Work order:
Could you repeat exactly the lines below, from the line containing "Men’s Warp +" through the last one, both included, while leaving out any pictures?

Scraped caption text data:
>>>

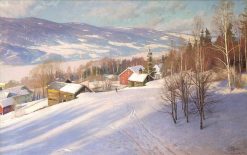 Winter in Lillehammer | Peder Mork Mønsted | Oil Painting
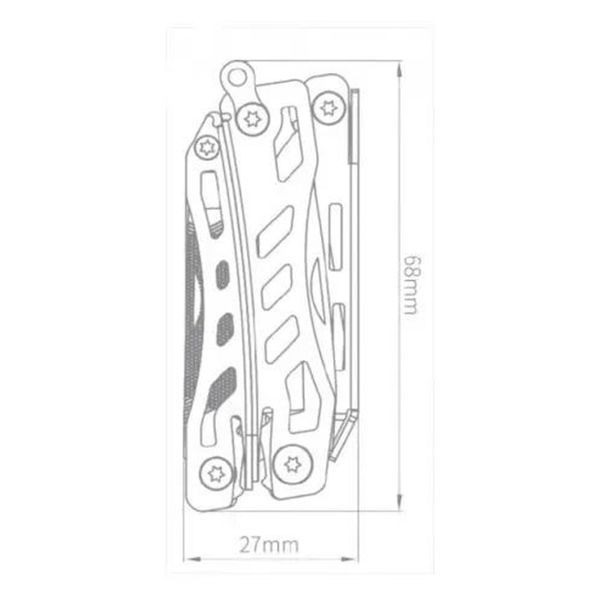 Мультитул NexTool Mini Flagship, чорний 70344 фото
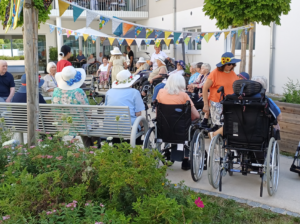 Bewohner im Freien
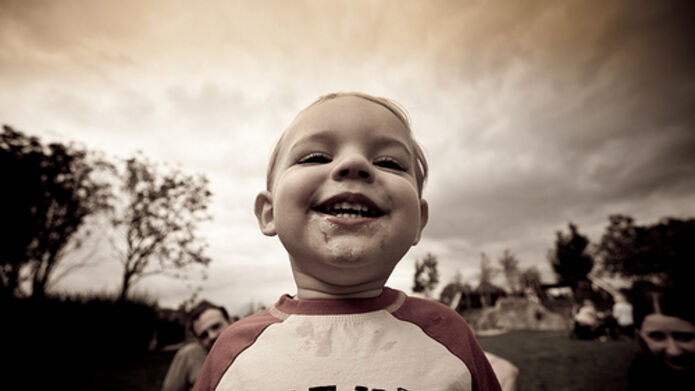 Child in a wild a heart top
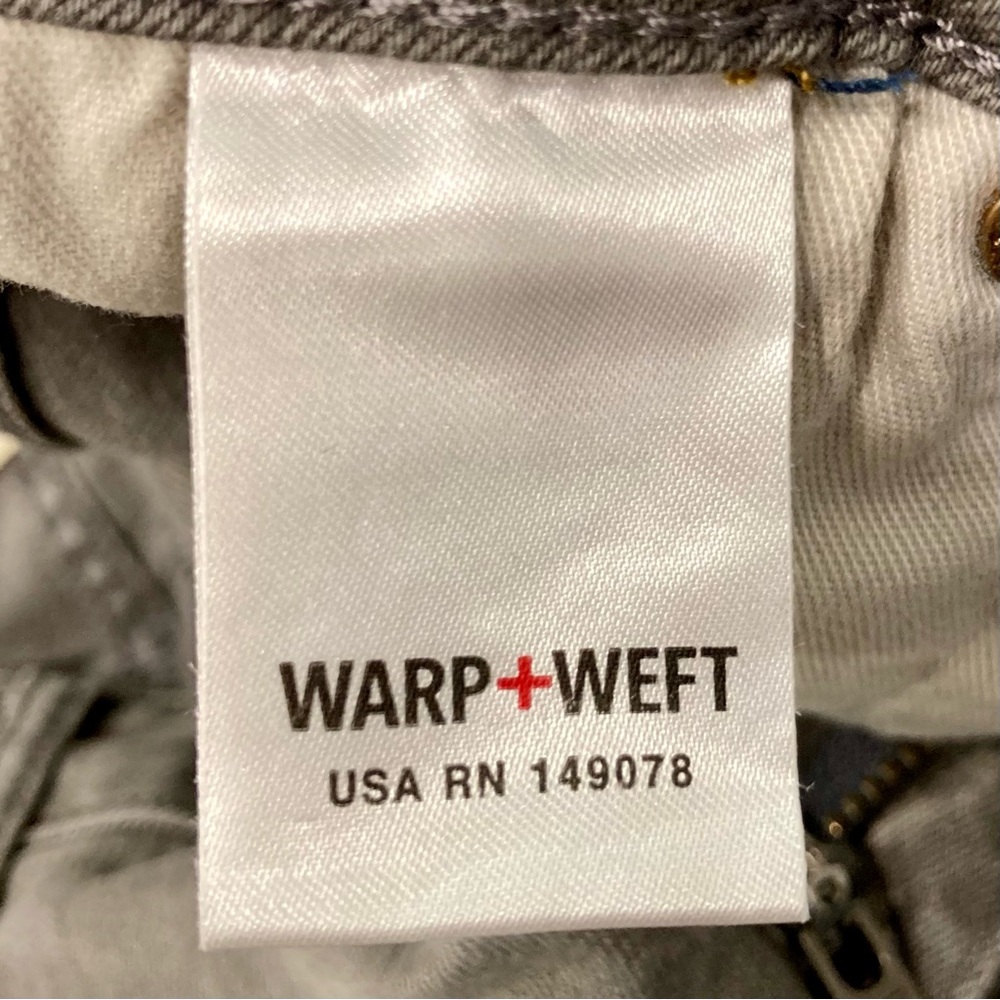 Men’s Warp + Weft Grey Denim Jeans AMS Amsterdam Slim 30 x 30 - Picture 11 of 14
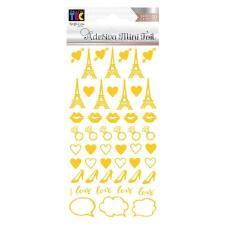 Adesivo Mini Foil Dourado Acess�rios Femininos Toke e Crie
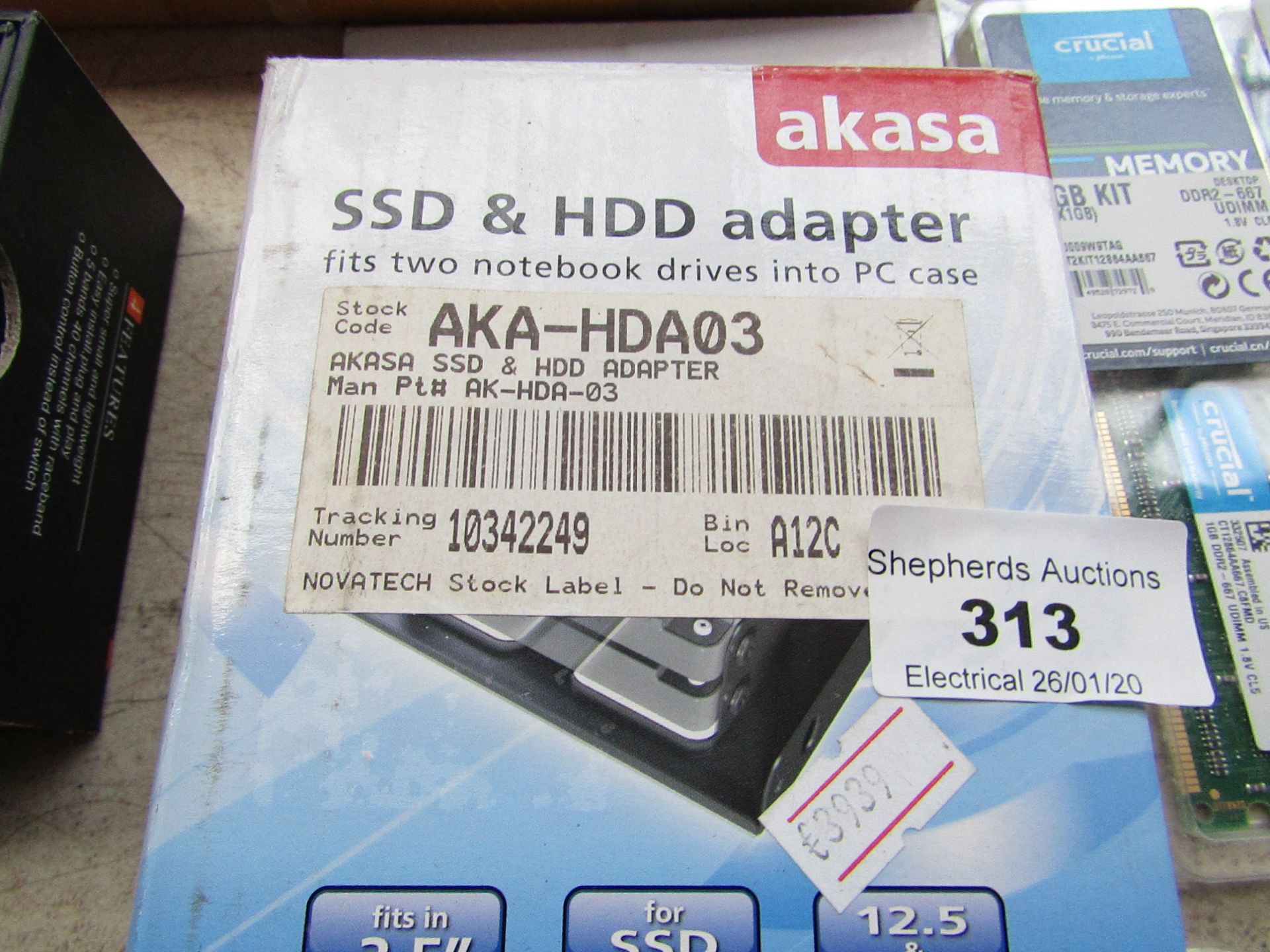 Akasa - SSD & HDD Adapter - Unchecked and boxed.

<<<

Solved problem:
 Men’s Warp + Weft Grey Denim Jeans AMS Amsterdam Slim 30 x 30 - Picture 11 of 14
 Adesivo Mini Foil Dourado Acess�rios Femininos Toke e Crie
 Akasa - SSD & HDD Adapter - Unchecked and boxed.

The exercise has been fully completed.